The World Bank’s annual report on capital flows to developing countries highlights two facts that shouldn’t be much of a surprise:
- Developing economies – the World Bank’s definitions leaves out the rich oil exporting economies in the Middle East – attracted record amounts of private capital in 2006. They attracted net private inflows of around $650b (see table 2.1).
- Developing economies also ran a large – over $350b – aggregate current account surplus.
The logical corollary of a 3% of GDP (aggregate) current account surplus and along with private capital inflows of between 5-6% of GDP is simple: the central banks of the developing world provided a record amount of financing to the US and Europe.
That is why reports that emphasize how private capital flows now trump official capital flows are incomplete. (Net) private capital flows to the emerging world are far larger than (net) official capital flows from the rich world to the emerging world. But (net) official capital outflows from the emerging world to the rich world are even bigger than (net) private capital flows into the emerging world.
Here, there is no disagreement between the IMF and the World Bank.

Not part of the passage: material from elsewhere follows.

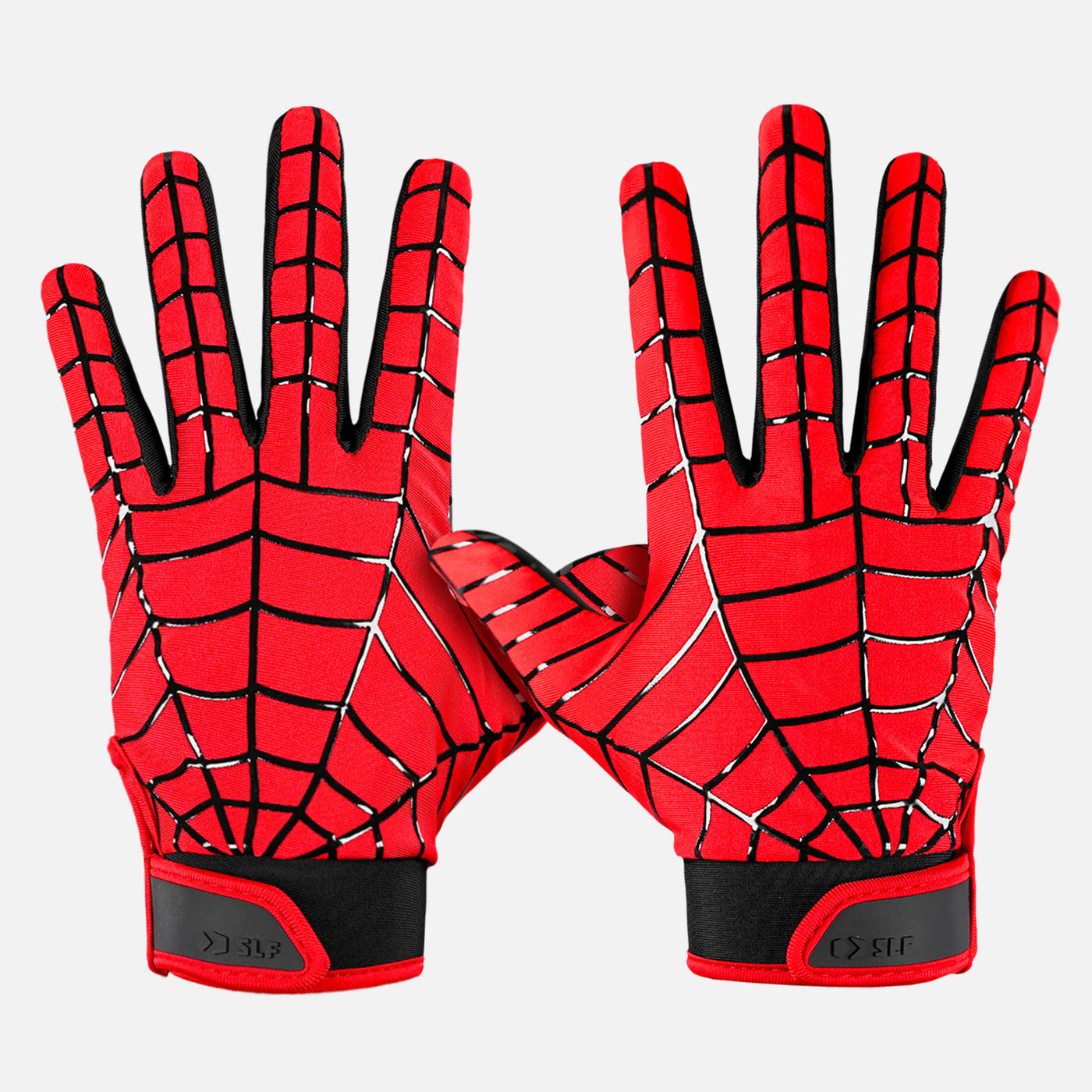 Red Web Pattern Sticky Football Receiver Gloves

Once you adjust for differences in country coverage, the WEO data – see table 1.2 — tells the same story. Big current account surplus and big (net) inflows of private capital.
Indeed, lots of countries are now attracting more money from abroad than they want. Colombia just joined Thailand in imposing capital controls. India and others are quietly making it a lot harder for banks to borrow from abroad …

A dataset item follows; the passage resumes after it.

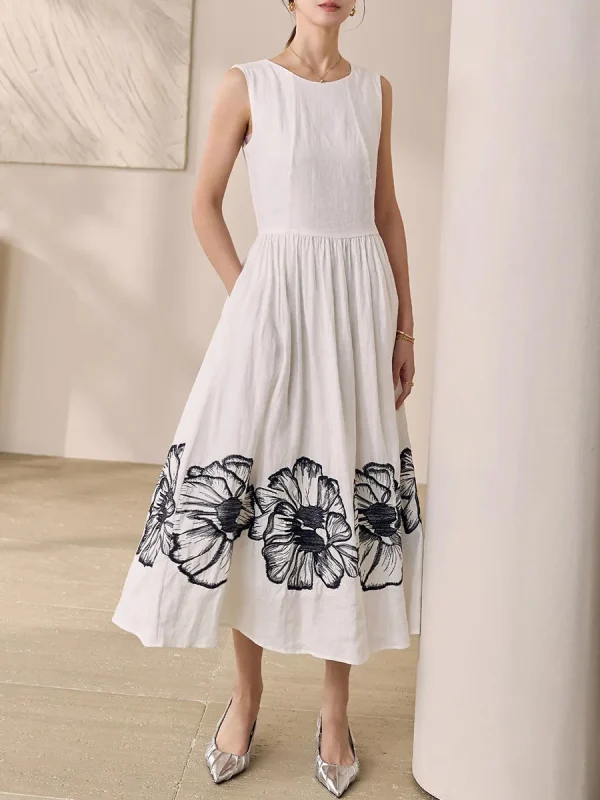 Printing O Neck Sleeveless High Waist Temperamnet Long Dress - Image 7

I consequently think the answer to the question posed in Randy Kroszner’s recent speech, namely why does capital flow (on net) out of emerging economies is actually pretty simple: policy choices in emerging economies.
I don’t think – unlike some – it has much to do with private demand from savers in emerging economies for “safe” financial assets emerging market financial systems cannot supply. Rather emerging market governments with large commodity windfalls have opted to save a decent (though falling) chunk of that windfall offshore, and nearly every emerging market central banks is currently resisting pressure for their currencies to appreciate in a massive way. Right now, demand for “safe” US and European securities comes from governments, not private investors.
I have a second objection to the oft-made argument that private capital flows are now more important than official flows. The fact that emerging economies are unwilling to rely on private capital markets to finance current account deficit hardly represents a triumph of the market. Emerging economies – at least those outside the embrace of “Europe’s” institutional structure — seem to have drawn two lessons from the crises of the 1990s.
- Massive reserves insure against the humiliation of turning to the IMF for financing – and the corresponding need to adopt the policies the IMF insists are necessary.
- And private capital markets cannot be trusted to finance ongoing current account deficits. Private markets provide tons of money at low cost when a country doesn’t need it (say when commodity prices are high), but very little money at very high costs when an emerging economy really does need it (say commodity prices are low). The easiest way to protect against “sudden stops” is not to need the money to begin with.
The irony: outside of South and Eastern Europe — and a new small islands (New Zealand, Iceland) — the big current account deficits in the world are generally financed by official flows, not private flows. The UK’s current account deficit is largely now financed by the growth of pound reserves. And the more I look at the data from q1 and April, the more convinced I am that the world’s central banks are now adding to their reserves at a stunning $1.2 trillion annual pace. Throw in another $100b from oil investment funds. Pick the fraction you think is going to the US …
I wonder if the US will eventually conclude that large external deficits financed by official flows are almost as risky – though in a different way – as emerging markets found large external deficits financed by private flows. So far, though, it has been almost all good – at least for those who don’t work in manufacturing.
Update: Stephen Roach is well worth reading today. He believes that China's problems stem in part from expectations associated with the end of the RMB peg that have made the RMB a one-way bet; I would argue that the "excess" domestic liquidity stems at least as much from the rise in China's trade and current account surplus, something that seems to me to be tightly tied to China's decision to basically keep a peg to the dollar with a modest pace of appreciation. But Roach no doubt is right to emphasize the growing internal challenges associated with rapid reserve growth, the counterpart to "official" financing of the US deficit.